Figure-8 (Source: MD&A, Q3 2020-pg.3)
In my view, the above financing transactions highlight the management's ability to ensure that liquidity requirements are adequately met (to enable continuous E&D activities) while keeping in view the long-term project development timelines.
A brief account of SLVRF's other projects
The 'Cherokee' property is 100%-owned by SLVRF. It represents a high-grade, silver-copper and gold project on which SLVRF has already commenced its 2020 exploration program (in August 2020). The exploration program is focused along a 12 kilometer strike hosting multiple PM and BM (read: Base Metals) style epithermal veins. SLVRF discovered several new promising vein areas during the 2019-2020 exploration program, and there's surely room for more positive news on the project's exploration front. SLVRF's FY 2021 targets for Cherokee include mapping and sampling of high-grade veins, assessing the project's geophysics, and publishing the exploration results during the year.
Similarly, SLVRF has an option to acquire 100% interest in the promising 'Phoenix Silver' project. Of course, this project has a lot of exploration potential but the main reason why I call this project 'promising' is because of the recent discovery of the 417 Vein; representing an angular vein fragment weighing 417 lbs (or 189 Kgs). SLVRF expects that ~70% content of this boulder is silver. Meanwhile, silver content of other smaller boulders (typically weighing ~100 lbs or more) is ~50% (Figure-9). In my view, these impressive ore discoveries imply a promising future for SLVRF's exploration program at the Phoenix Silver project.
Figure-9 (Source: Company Presentation, pg.20)
Risk Analysis and Investor Takeaway
So basically, we're seeing a very long timeline (and one that's not yet certain) before the Candelaria project could finally move to production status; and that presents an element of risk, in my view.

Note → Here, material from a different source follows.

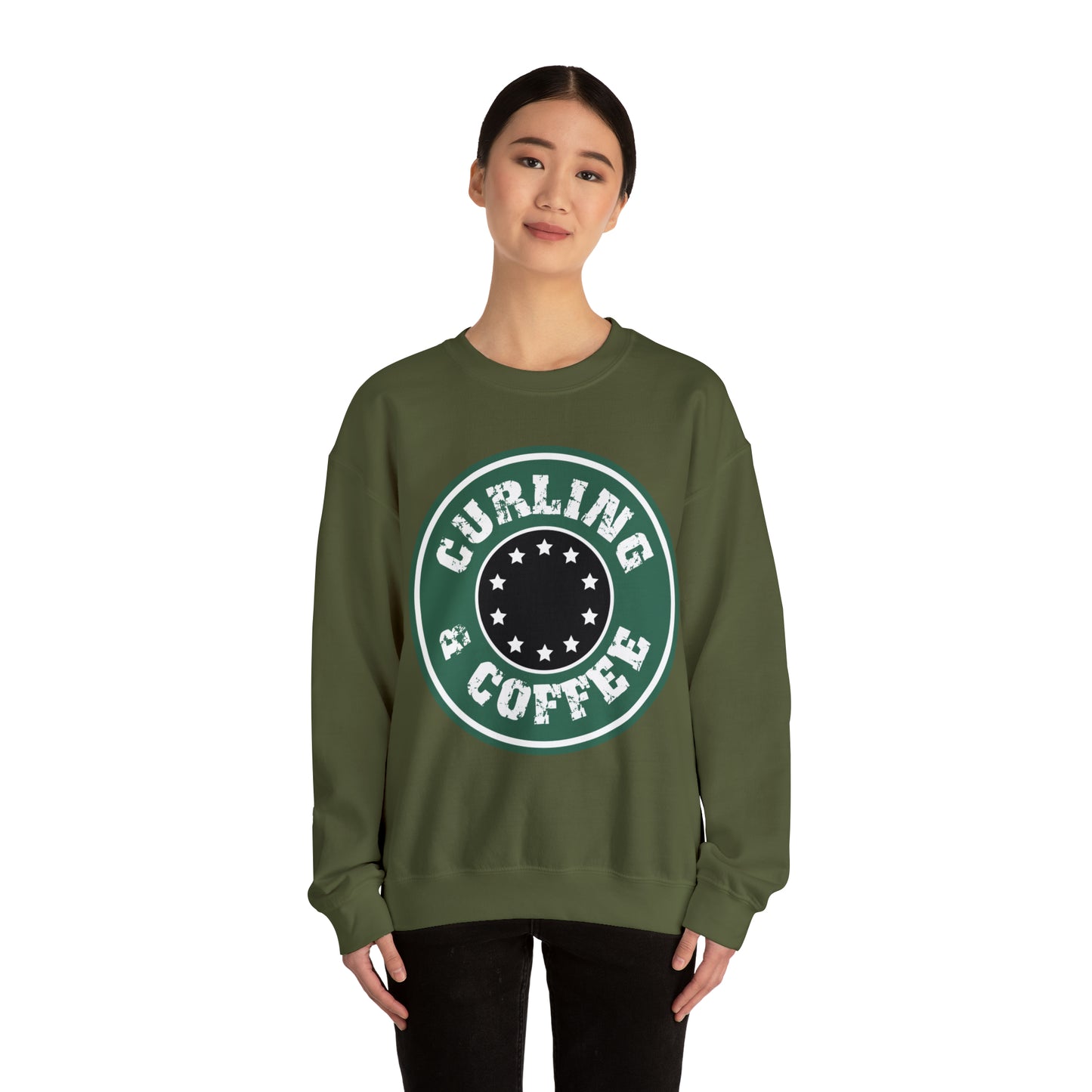 Curling & Coffee Design 2 Curling Club Unisex Heavy Blend™ Crewneck Sweatshirt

For one, we cannot be sure what'd be the prevailing silver price environment when commercial production commences from Candelaria. Second, the time of full-scale production (not test production) from Candelaria is not certain. The same risk assessment also holds true for the other two projects. Since the company's focus is to explore, and potentially develop the Candelaria project, I see the possibility of acquisition of one (or both) of the other projects.

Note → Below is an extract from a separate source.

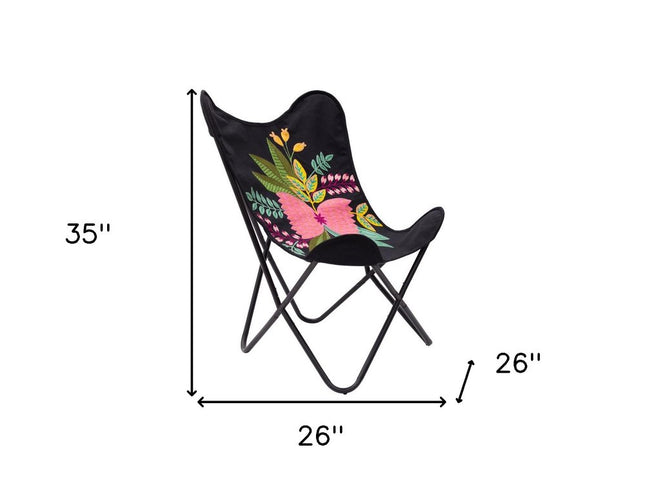 26" Black Tropical Butterfly Chair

From an investor's perspective, I see that the company hosts a portfolio of promising exploration projects located in safe mining locations. However, considering the prevailing silver price environment (which may potentially deteriorate in the near-term), only a small proportion (typically not more than 8-10%) of your mining assets portfolio should comprise of SLVRF, and that too with a long-term investing horizon.